First response: “Fuck you! Don’t tell me what to do!”
Second response: “Who da fuck says ‘folks’? lol”
Third response: “You will have a great day if you buy my book! (insert Amazon link)”
Fourth response: (insert huge coffee meme)
Fifth response: “I always try, but I can’t because THE FUCKING GAY AGENDA WON’T LET ME!”
Sixth response: “Sure.”
You get the point. Do you and don’t pay attention to the anger that has nothing to do with you. If we’re being brutally honest, none of us are perfect and we’re all assholes from time to time. Some people will dislike you because of that and, in a way, that’s understandable. However, I lot of people will be angry at you because you seem happy or because you seem to be doing well or because you shared some good news or because you didn’t reply to their 2:15am dick pic or “hey” DM or because you look good in a selfie or because you took a picture of a pretty tree. Their anger is on them, so let them fester in it and soar high above that shit.
7. Accept that followers come and go
I’ve studied social media for a long time and teach it at SNHU and my own workshops. That means I pay a lot of attention from time to time. That also means I know that every action on Twitter has a reaction, and that reaction is often getting unfollowed. I lost dozens of followers because I shared a photo of a dead snapping turtle. I lose ten to twelve followers every time I tweet about how horrible Ted Cruz, Josh Hawley, Lauren Boebert, or Marjorie Taylor Greene are. I lose followers whenever I talk about diversity in fiction, which also fills my notification with hatred for 24-48 hours. Oh, and every time I support trans people? Mass follower exodus. Shit, sometimes I’ve gone to DM a friendly acquaintance on Twitter about an interview or to ask for a galley and learn they unfollowed me or blocked me. That’s okay. Followers come and go, so focus on doing whatever makes you happy and not on numbers.
8. Learn to take time off if you need it
FOMO is a real thing, but if being on Twitter or any other social media platform is affecting your mental health or keeping you from doing the things you’re passionate about, take a break. Seriously, unplug and do something else. It will all be there when you come back, the good and the bad, and you won’t miss anything more important than your mental health.

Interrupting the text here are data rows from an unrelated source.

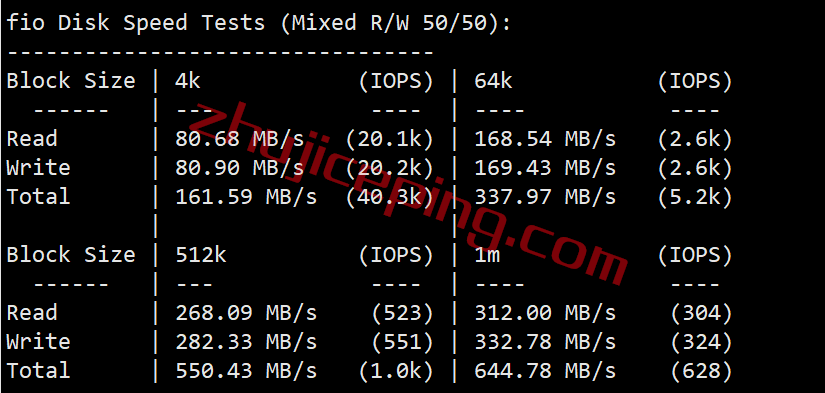 serverhost怎么样？简单测评下“水牛城”的不限流量VPS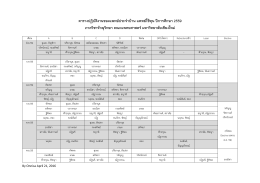 ตารางปฏิบัติงานของแพทย์ประจาบ้าน แพทย์ใช้ทุ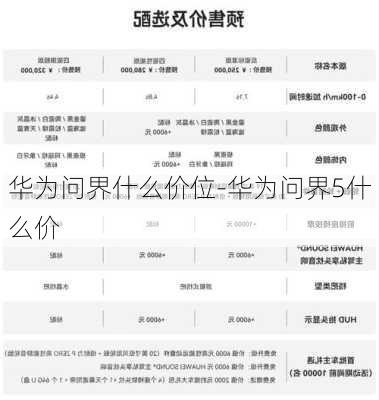 华为问界什么价位-华为问界5什么价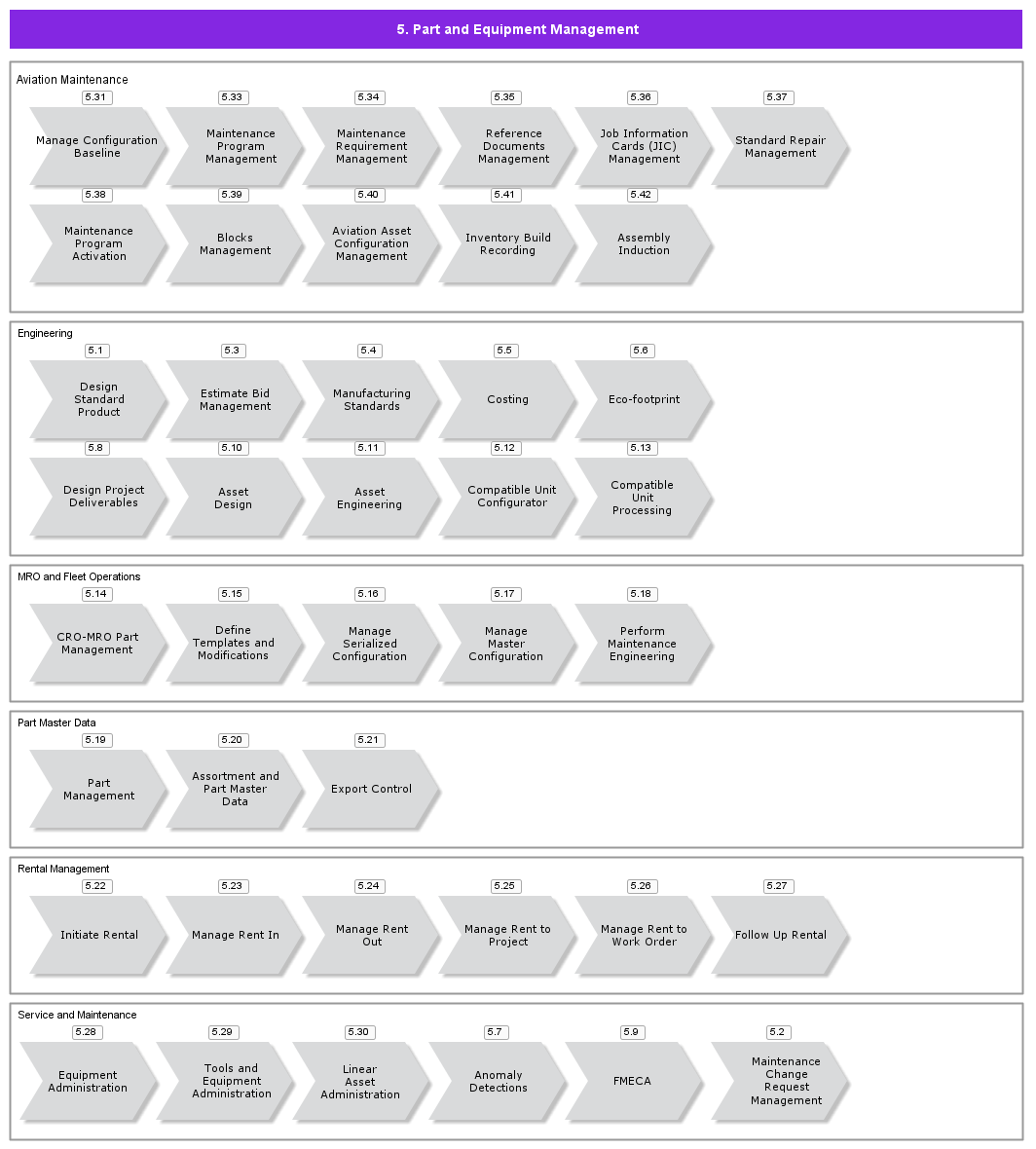 PartandEquipmentManagement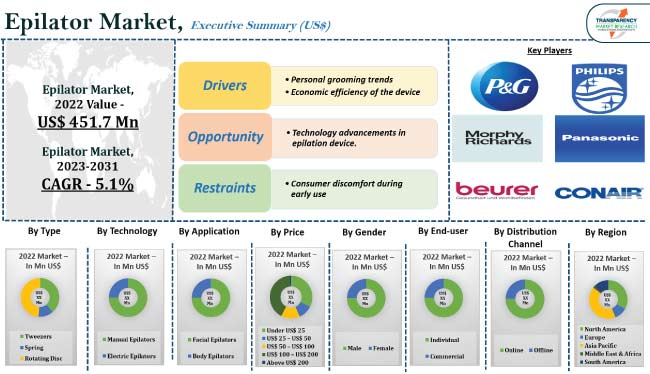 Epilator Market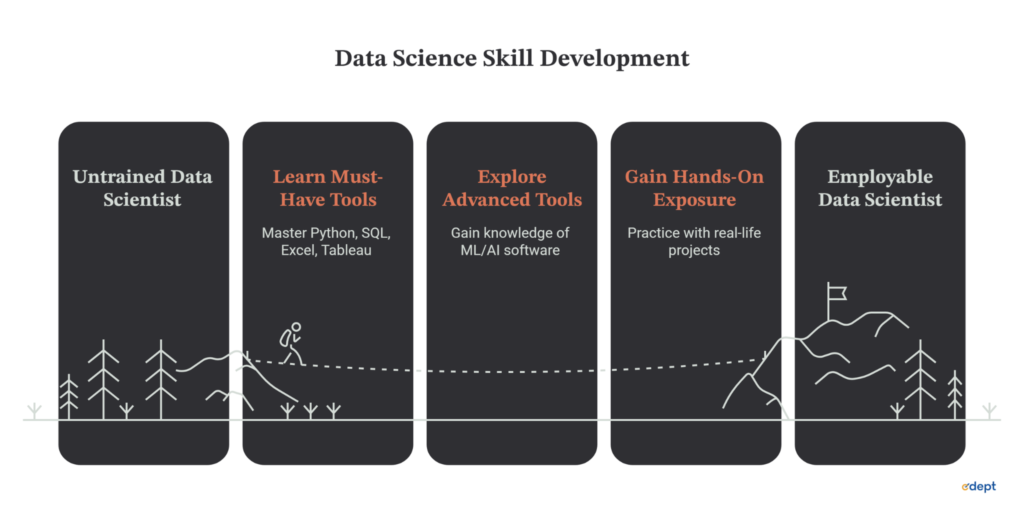 How to Choose a Job-Focused Data Science Program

9. Internalize the fact that Twitter is part of the public sphere and what you put on it is for public consumption
One thing we spend a lot of time talking about in my workshops is the idea of privacy on social media. Anything you put out there, including DMs, can be made public in about four seconds flat. It’s okay to keep your religion, family, sexuality, hobbies, politics, or health private. There should be some stuff you enjoy and keep to yourself. You can talk about movies or gaming or books or music, but you can also keep some of that stuff to yourself and use it as a refuge when you take time off social media. Don’t want to share anything? That’s cool. I mean this: you don’t HAVE to be on social media. I know plenty of folks who aren’t, and none of them worry about it.
10. Self-care should be your number one priority
Social media is fucking insidious in many ways. You have to learn to combat that by focusing on yourself instead of focusing on it. Making friends is awesome, selling books is great, participating in certain discussions is illuminating and intellectual stimulating…but those things won’t happen if you’re constantly angry and frustrated and want to quit social media. There are many things that matter more than Twitter, so keep in mind why you’re there. Take care of yourself and who/what you love first and then spend whatever time you have left on social media. If it’s the other way around, you might need to rethink your priorities. You matter more than any platform.